Wednesday, September 23, 2009
Seiner on After Iqbal
Joe Seiner (South Carolina) continues his impressive series on civil procedure/employment discrimination articles with his forthcoming piece in the Wake Forest Law Review entitled: "After Iqbal."
The abstract:
In Ashcroft v. Iqbal, 129 S. Ct. 1937 (2009), the Supreme Court extended the controversial pleading standard that it announced in Twombly v. Bell Atlantic Corp., 550 U.S. 544 (2007), to all civil cases. Iqbal thus confirms that all civil plaintiffs must plead enough facts to state a plausible claim to relief. In addition, the Court’s decision goes even further by defining the contours of pleading discriminatory intent. Iqbal makes clear that an allegation of discriminatory intent cannot be general or conclusory, and must be supported by the proper factual context. While Iqbal and Twombly dramatically rewrite the law on federal pleading, the decisions provide little guidance for employment discrimination litigants, who must routinely establish an employer’s discriminatory intent in a typical Title VII case. This Article attempts to provide that guidance – after Iqbal.
This Article undertakes multifaceted research which uncovers the success rate of employment discrimination plaintiffs at trial and when facing summary judgment, and outlines various other studies suggesting that discrimination continues to permeate through our society. Given the pervasiveness of the discrimination highlighted in these studies, a reasonable inference can be drawn that a claim of employment discrimination – with the proper factual support – is far more plausible on its face than the more doubtful allegations set forth in Twombly and Iqbal.
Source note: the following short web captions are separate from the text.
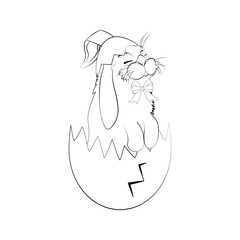Easter rabbit in egg vector illustration outline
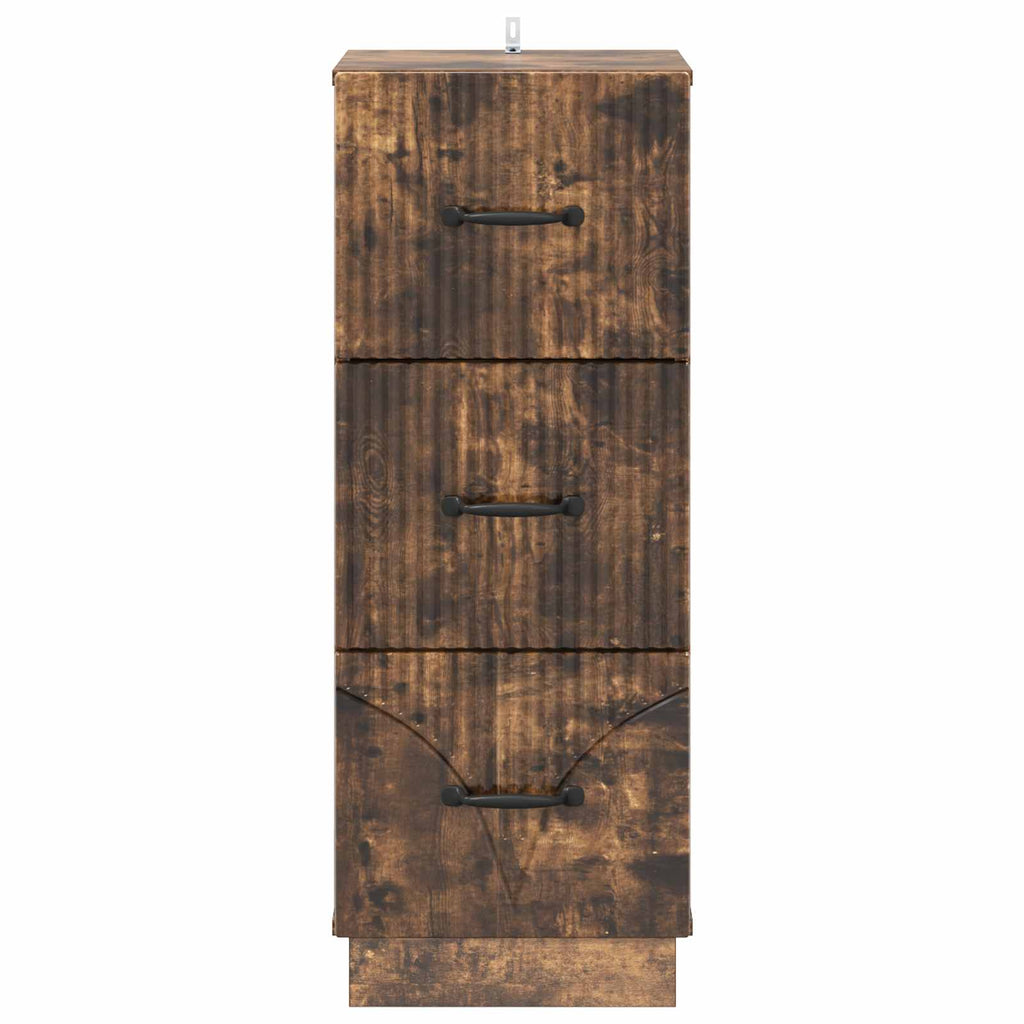 Schubladenschrank Geräucherte Eiche 33 x 34,5 x 87 cm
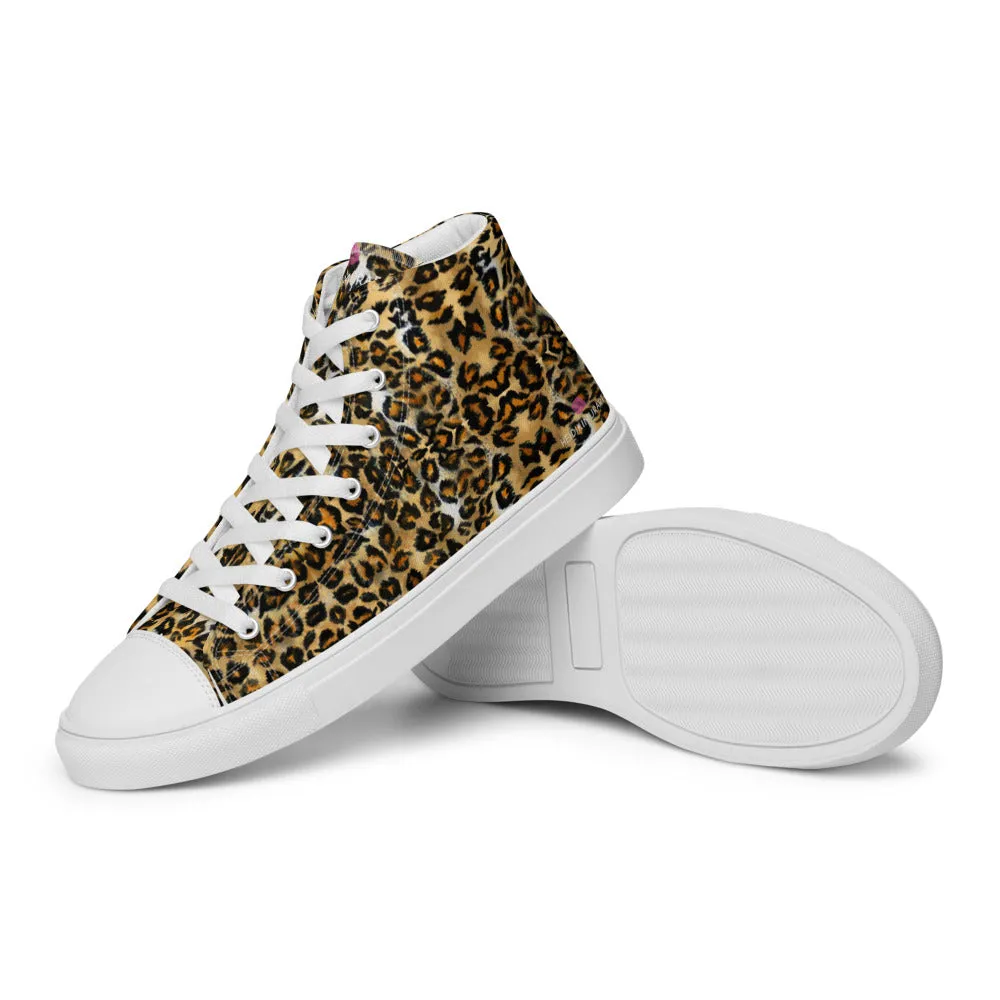 Brown Leopard Women's Sneakers, Sexy Animal Print Premium High Top Tennis Shoes For Ladies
Based on the research set forth in this paper, this Article proposes a unified analytical framework for pleading discriminatory intent in Title VII cases which navigates the Iqbal and Twombly decisions. The proposed pleading framework should serve as a blueprint for Title VII litigants, helping the courts and the parties to better evaluate allegations of discrimination. This paper further explains why Swierkiewicz v. Sorema, 534 U.S. 506 (2002), is still good law as applied to Title VII cases.
Joe has become the real go-to-person on these procedural question involving Title VII issues. I look forward to hear him presenting it live at the Colloquium in a couple of days.
PS
https://lawprofessors.typepad.com/laborprof_blog/2009/09/seiner-on-after-iqbal.html
Iqbal is already being used, successfully and sometimes not successfully in employment cases. The decision is most inappropriate for discrimination causes of action.